In a stunning move by the CCI – Competition Commission of India, the governing body which oversees various types of anti-competitive actions taken by various companies and corporates, imposed a fine of Rs. 200 Crores on Maruti Suzuki India Ltd., India’s largest automobile maker by volumes, for limiting the quantum of discounts offered by its dealers to end-user customers. It was found by CCI to be in contravention of the provisions of Section 3(4)(e) read with Section 3(1) of the Competition Act, 2002, in what is said to be a landmark judgement in the consumer retail business. Reacting to the CCI order, Maruti Suzuki said: “We have seen the order dated 23 August 2021 published by the CCI. We are examining the order and will take appropriate actions under the law. The MSIL has always worked in the best interests of consumers and will continue to do so in the future.”
According to an anonymous complaint received by the autonomous body in 2019 purportedly by a dealer of the company, the dealer network of the company were restricted by the Principal (MSIL) not to offer additional discounts than what was provided for and already approved by the Company. For passing additional benefits to car buyers, such as accessories or cash discounts, the Dealer had to get an explicit written approval from the Company failing which penalties were imposed, including suspension of supplies. The Dealers, according to allegations, were constantly being monitored through “Mystery Shopping Agencies”, who reported malpractices and deviations to the Principal with audio and video evidences such as an audio transcipt or videos of such engagement by the staff of the Dealers. In other words, the company has a “Discount Control Policy” indulging in anti-competitive conduct of “Resale Price Maintenance” according to CCI. This was adjudged anti-competitive since the “trader” was not allowed to operate their business according to their own wishes & convenience and was strictly enforced in cities and towns where there were more than 5 dealers.

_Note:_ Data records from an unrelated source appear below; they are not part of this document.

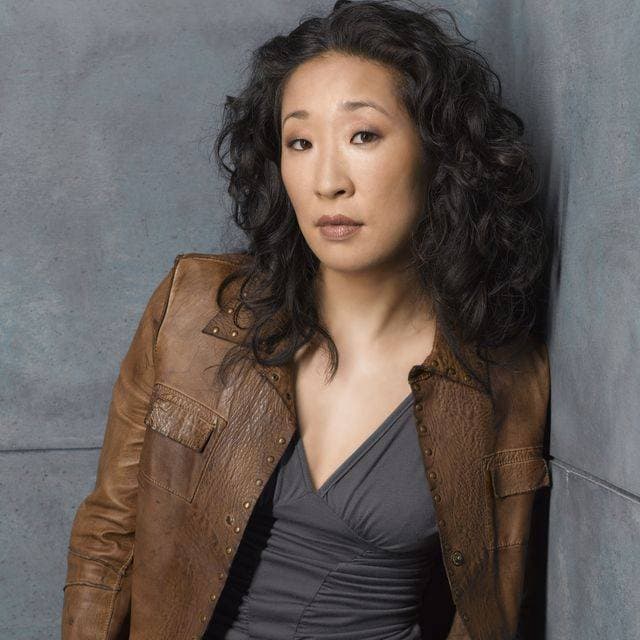 Fashion Sandra Oh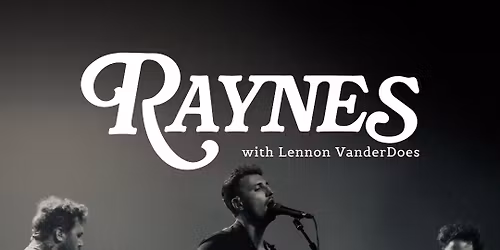Raynes with Lennon VanderDoes live at The Chameleon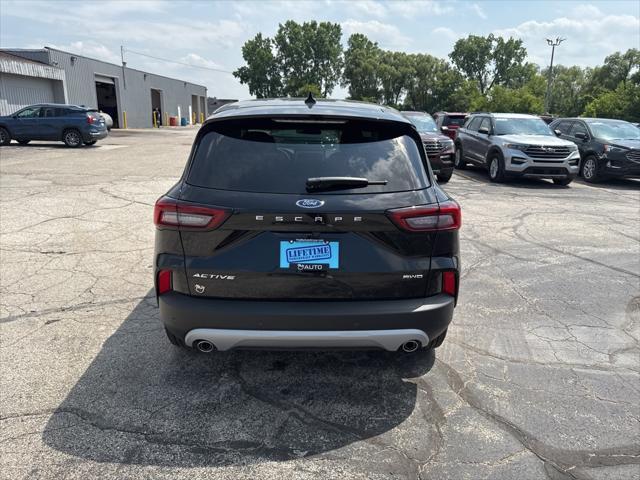 new 2025 Ford Escape car, priced at $30,216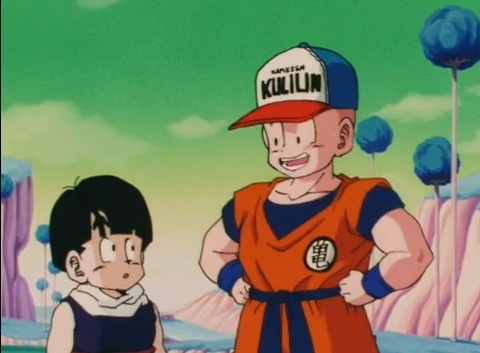 Nappa vs Krillin and Gohan (When they first arrive on Namek) - Dragonball  Forum - Neoseeker Forums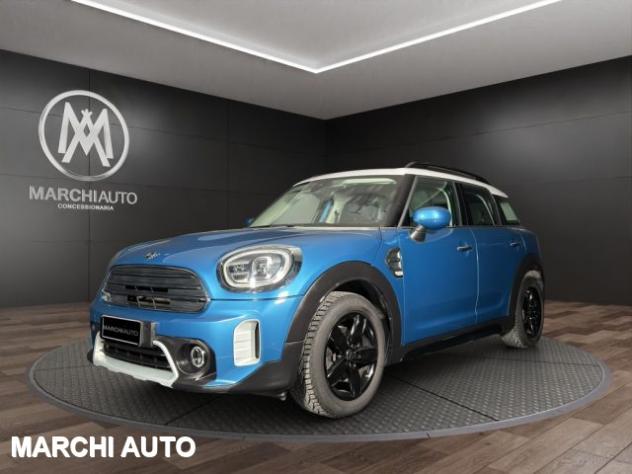 MINI Countryman 1.5 One D Northwood Edition Countryman rif. 23820517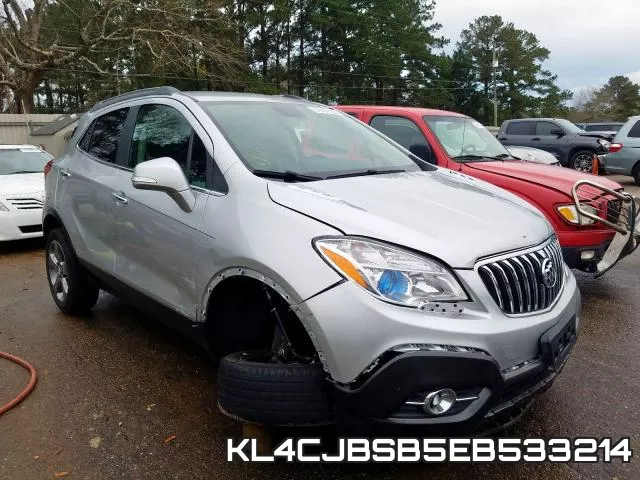KL4CJBSB5EB533214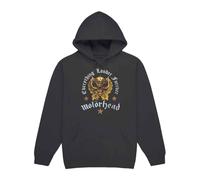 Motorhead Everything Louder Forever autorizzato Felpa con Cappuccio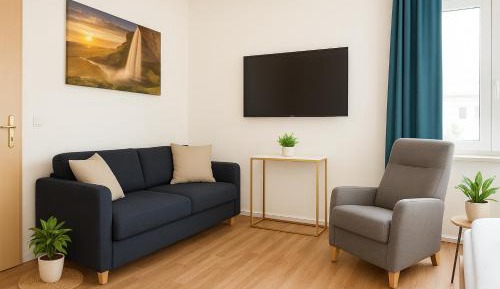 One-Bedroom Apartment - Non-Smoking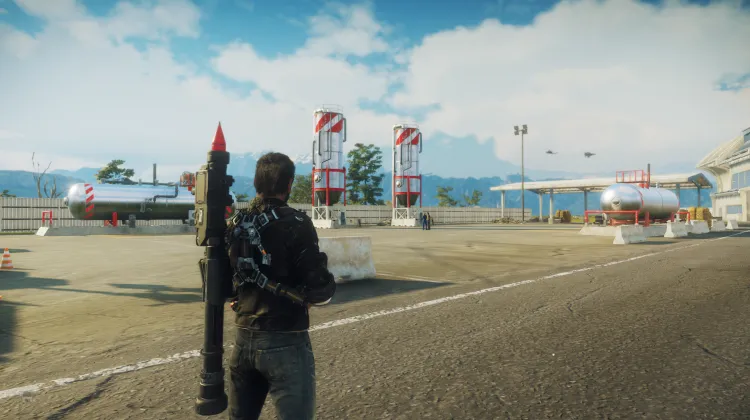 Tanque de Combustível (4)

While restricting competitiveness in any business is condemnable, what is stunning in this verdict especially, is how the SOPs – standard operating procedures of a Principal which is in the business of Retailing of products, have been interpreted by the law enforcing agency. This could have some serious repurcussion in the USD 850 Bn Retail Industry in India, where thousands of brands have franchised their business operations to lakhs of Franchisee Partners (Dealerships in case of the Automobile Industry). International brands like Levis, Benetton, Adidas and many more entered India through the single brand FDI route in the 90s and operated their retail business through Franchises. While in most cases, the MRP – Maximum Retail Price is fixed, as per the MRP Act of India, the consumer and the retailer mutually decide on the final price of the transaction. In fact, several categories of products, especially in CDIT, such as Flat panel TVs, Laptops, Washing Machines and even Mobile phones do not have a MRP regime for several years now, rather the retailer decides on the selling price (to the consumer) almost on a case to case basis. Brands like Apple, through their distribution network have a strict Price regime, which means that Authorised Resellers cannot offer additional discounts to customers, which includes add-ons or accessories. This is their way of controlling the competitiveness among the distribution partners.
In case of apparel, which is the most franchised format among all consumer goods, there is no such gag-order by the principals, though the Franchise Partners maintain best case pricing and offer no more than a 10% discount to preferred customers on a need basis. In case of F&B brands such as Subway or Rajdhani, the Franchise Partner is mostly at will to offer add-on to loyal customers, though professing such offers through mass media or social media are restricted by the parent brand / company.
In the uber-competitive automobile industry, hungry-for-discount customers bargain a lot across brands as well as within the Dealer network of a Brand. In most cases, the final decision to buy a model or a brand is solely dependent on the soft corner the buyer develops with a particular dealer, save for those who do not have such a choice in smaller towns, unfortunately. However, the Dealers try to appease the appetite of customers as much as they can, though they are strictly governed by the regulations imposed by their Principals. The order by CCI in this case is not just misleading for the entire Franchising Industry but can also cause enormous confusion to customers as well, as they may demand preferential and differential treatment across various outlets which sell the same brand, which are run by Franchisees.
The Industry has been quite well self-governed and it is in the best interest of all partners in the ecosystem – the Manufacturer, the Operator (Franchisee / Dealer) and the Customer to decide on the best pricing option, of course without causing an adverse impact for the buyer. This case could be very interesting to watch for the consumer retail industry, how MSIL would respond and thereafter, how other OEMs – Original Equipment Manufacturers would react to the situation. And of course, Manufacturers and Brand Owners across the segment from F&B to Tyres, Apparel to Ice Cream Parlours and so on. With a growing fondness of the Indian consumer diaspora by internationally acclaimed brands, such rulings may have an adverse impact when global brands decide to enter and operate in India through a Franchise network.
We shall keep writing on this case in times to come.